Hi Guys,
I found some topics about Hazel and OCR but it seems like most of you are using PDFpen Pro to get the OCR layer.
I wanted to ask if someone has a free tool which can accomplish the same. I dont need a new PDF editor, because I have PDF expert and it fits for everything I want to do, exept the OCR thing. I already mailed them but as far as i know this feature is not available.
What I want is (maybe a terminal tool - I think there is something available with brew) a tool which can apply the OCR layer in the background.
I tried using Tesseract for a workflow when I was trying to replicate Evernote’s ability to scan images for words. I switched to a Devonthink Pro workflow because Evernote got creepy. It worked okay, but it was not the most accurate tool for my task.
Not free, exactly, but I played around with Prizmo, which is included in SetApp, for this. I did get something working at the time (this would have been about a year ago now) as the app has an Automator action. However it took FOREVER to run and I never took the time to look into it further.
PDFPen is included in SetApp now too, though, which may mean the above is irrelevant—being currently Mac-less I haven’t looked at it again.
For anyone interested,
thanks to @tbrown313, I installed OCRmyPDF with homebrew (HERE is the instruction).
to automatically scan the incoming PDFs I created the following hazel rule:
the --skip-text jumps over every page which already contains text (scans from my iPhone already contain a OCR layer).
you can change the languages (in my case German and English) according to your personal needs.
Is anyone still using this? I can’t seem to get the embedded script FlohGro typed up to work. The log doesn’t give me anything useful: Shellscript exited with non-successful status code: 127.
Yes!
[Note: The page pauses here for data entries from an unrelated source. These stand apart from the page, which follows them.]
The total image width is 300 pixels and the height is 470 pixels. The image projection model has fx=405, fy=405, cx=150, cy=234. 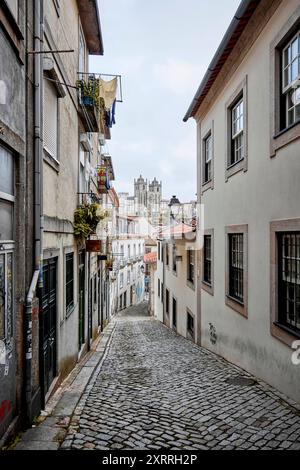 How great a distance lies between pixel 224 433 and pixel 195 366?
443cm

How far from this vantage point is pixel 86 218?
10453 millimetres

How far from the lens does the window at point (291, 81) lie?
667cm

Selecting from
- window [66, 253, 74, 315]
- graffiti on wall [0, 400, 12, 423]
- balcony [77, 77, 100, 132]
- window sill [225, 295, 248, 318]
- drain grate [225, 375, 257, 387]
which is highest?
balcony [77, 77, 100, 132]

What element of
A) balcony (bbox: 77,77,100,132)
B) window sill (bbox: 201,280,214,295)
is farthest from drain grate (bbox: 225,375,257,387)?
balcony (bbox: 77,77,100,132)

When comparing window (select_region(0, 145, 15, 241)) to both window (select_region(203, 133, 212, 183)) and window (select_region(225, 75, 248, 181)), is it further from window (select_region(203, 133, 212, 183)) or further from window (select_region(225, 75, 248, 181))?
window (select_region(203, 133, 212, 183))

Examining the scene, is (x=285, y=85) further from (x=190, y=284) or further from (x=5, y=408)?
(x=190, y=284)

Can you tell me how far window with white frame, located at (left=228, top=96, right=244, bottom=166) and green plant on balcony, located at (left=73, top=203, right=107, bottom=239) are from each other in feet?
12.0

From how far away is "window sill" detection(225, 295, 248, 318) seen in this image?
8984mm

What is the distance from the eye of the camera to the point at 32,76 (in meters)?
5.71

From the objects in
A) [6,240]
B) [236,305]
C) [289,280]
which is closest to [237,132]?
[236,305]

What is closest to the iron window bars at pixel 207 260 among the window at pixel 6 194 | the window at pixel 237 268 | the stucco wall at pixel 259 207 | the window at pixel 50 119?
the stucco wall at pixel 259 207

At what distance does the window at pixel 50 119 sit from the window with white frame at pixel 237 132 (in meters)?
4.23

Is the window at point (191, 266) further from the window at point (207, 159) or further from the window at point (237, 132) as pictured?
the window at point (237, 132)

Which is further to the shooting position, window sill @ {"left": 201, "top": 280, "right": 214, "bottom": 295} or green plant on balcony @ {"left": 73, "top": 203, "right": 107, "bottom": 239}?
window sill @ {"left": 201, "top": 280, "right": 214, "bottom": 295} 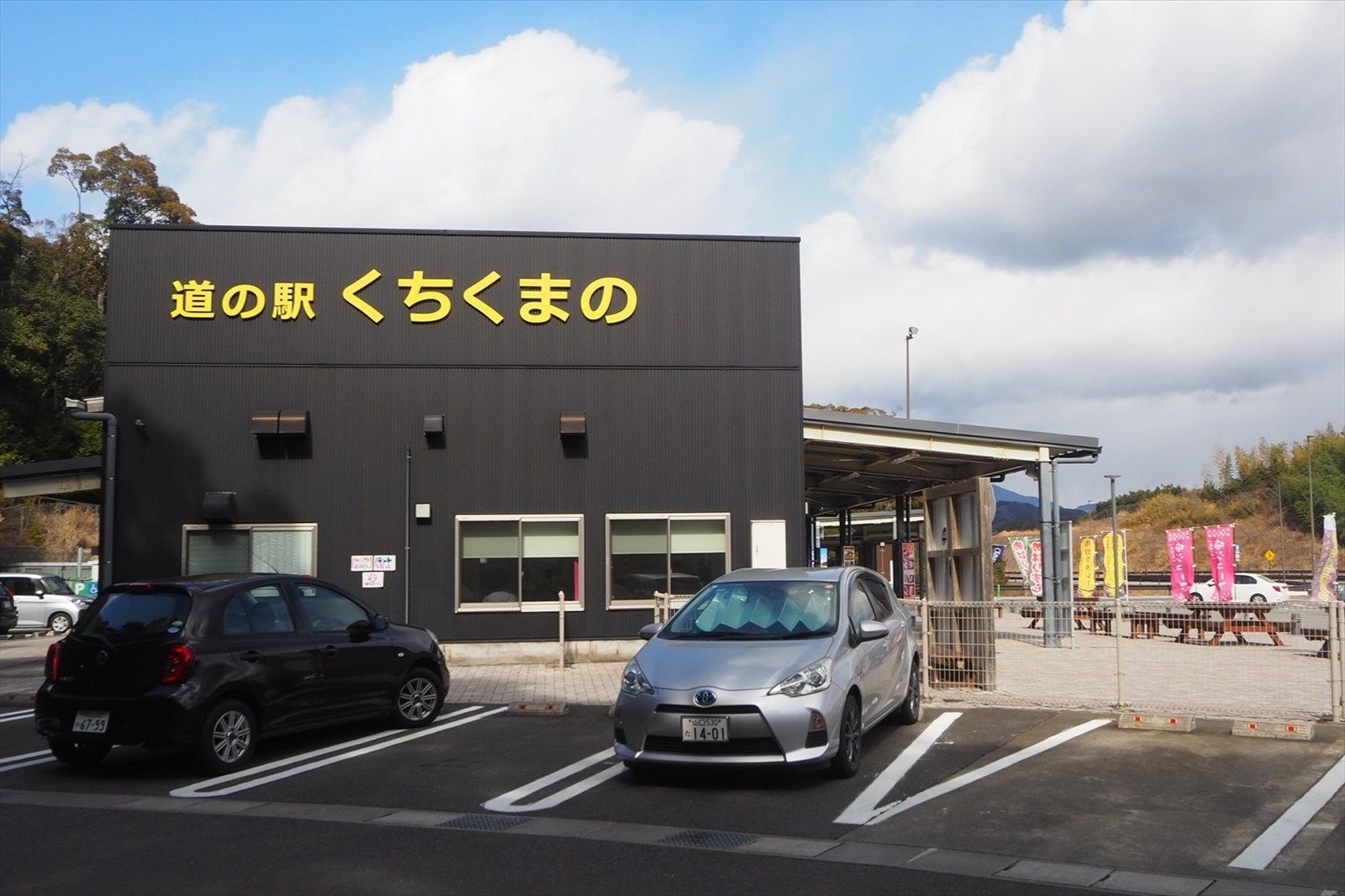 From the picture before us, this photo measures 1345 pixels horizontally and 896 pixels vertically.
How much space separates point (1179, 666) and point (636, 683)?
9.27m

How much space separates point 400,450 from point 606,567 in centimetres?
366

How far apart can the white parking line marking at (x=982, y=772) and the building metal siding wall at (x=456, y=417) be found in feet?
26.5

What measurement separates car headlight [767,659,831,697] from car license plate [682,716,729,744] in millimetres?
405

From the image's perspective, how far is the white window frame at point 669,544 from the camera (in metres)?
18.4

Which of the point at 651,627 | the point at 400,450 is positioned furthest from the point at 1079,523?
the point at 651,627

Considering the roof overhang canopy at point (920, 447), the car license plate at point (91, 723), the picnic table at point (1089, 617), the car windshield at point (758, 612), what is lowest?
the car license plate at point (91, 723)

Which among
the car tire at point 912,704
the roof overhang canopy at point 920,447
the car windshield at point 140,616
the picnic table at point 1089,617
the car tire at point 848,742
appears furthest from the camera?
the roof overhang canopy at point 920,447

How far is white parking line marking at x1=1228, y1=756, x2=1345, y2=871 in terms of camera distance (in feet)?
22.1

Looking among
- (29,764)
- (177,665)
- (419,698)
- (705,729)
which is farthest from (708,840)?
(29,764)

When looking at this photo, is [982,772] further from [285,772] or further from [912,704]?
[285,772]

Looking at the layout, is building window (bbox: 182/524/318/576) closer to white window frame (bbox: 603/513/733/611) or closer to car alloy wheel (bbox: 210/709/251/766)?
white window frame (bbox: 603/513/733/611)

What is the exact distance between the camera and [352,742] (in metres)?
10.8

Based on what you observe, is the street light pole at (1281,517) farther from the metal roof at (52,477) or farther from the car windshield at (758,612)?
the car windshield at (758,612)

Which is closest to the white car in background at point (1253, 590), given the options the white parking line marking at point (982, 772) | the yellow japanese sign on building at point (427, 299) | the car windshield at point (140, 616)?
the yellow japanese sign on building at point (427, 299) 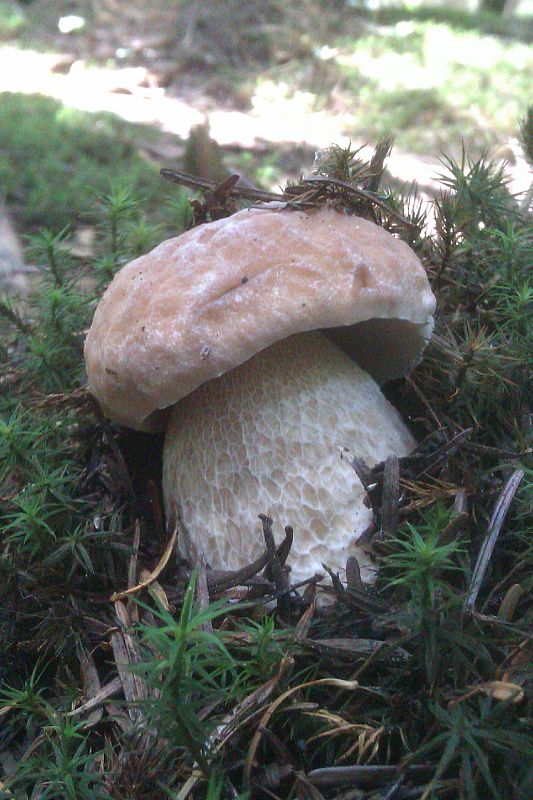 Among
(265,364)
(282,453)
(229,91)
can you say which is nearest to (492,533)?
(282,453)

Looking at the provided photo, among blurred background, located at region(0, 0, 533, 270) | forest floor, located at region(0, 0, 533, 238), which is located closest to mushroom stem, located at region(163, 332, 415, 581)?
blurred background, located at region(0, 0, 533, 270)

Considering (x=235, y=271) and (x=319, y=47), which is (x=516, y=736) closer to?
(x=235, y=271)

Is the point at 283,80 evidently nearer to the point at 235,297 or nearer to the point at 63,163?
the point at 63,163

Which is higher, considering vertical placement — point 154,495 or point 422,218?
point 422,218

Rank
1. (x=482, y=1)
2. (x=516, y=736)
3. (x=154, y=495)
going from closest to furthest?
(x=516, y=736), (x=154, y=495), (x=482, y=1)

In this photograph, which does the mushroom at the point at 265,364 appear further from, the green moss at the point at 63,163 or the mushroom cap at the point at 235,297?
the green moss at the point at 63,163

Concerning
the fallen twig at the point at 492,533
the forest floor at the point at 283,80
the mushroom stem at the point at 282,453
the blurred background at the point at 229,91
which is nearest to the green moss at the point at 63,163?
the blurred background at the point at 229,91

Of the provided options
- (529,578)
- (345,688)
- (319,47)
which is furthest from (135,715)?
(319,47) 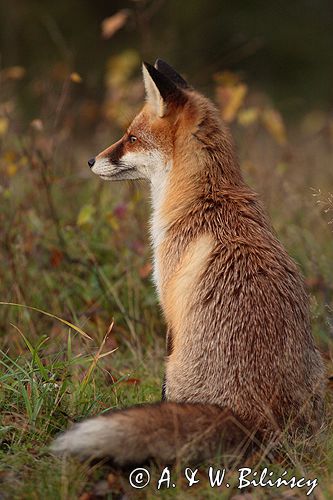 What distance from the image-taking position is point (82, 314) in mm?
6586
It works great as a command in the terminal, just not as a script in Hazel. It seems like (the error) has something to do with the file referencing “$1” “$1.” Is it still working for you?
Thanks for this script, for use together with Hazel is the best option for me. So I did install OCRmyPDF and tesseract as well. But I get anytime an error in the Skripteditor for the part “l deu” (for me as well german and english are relevant, most german).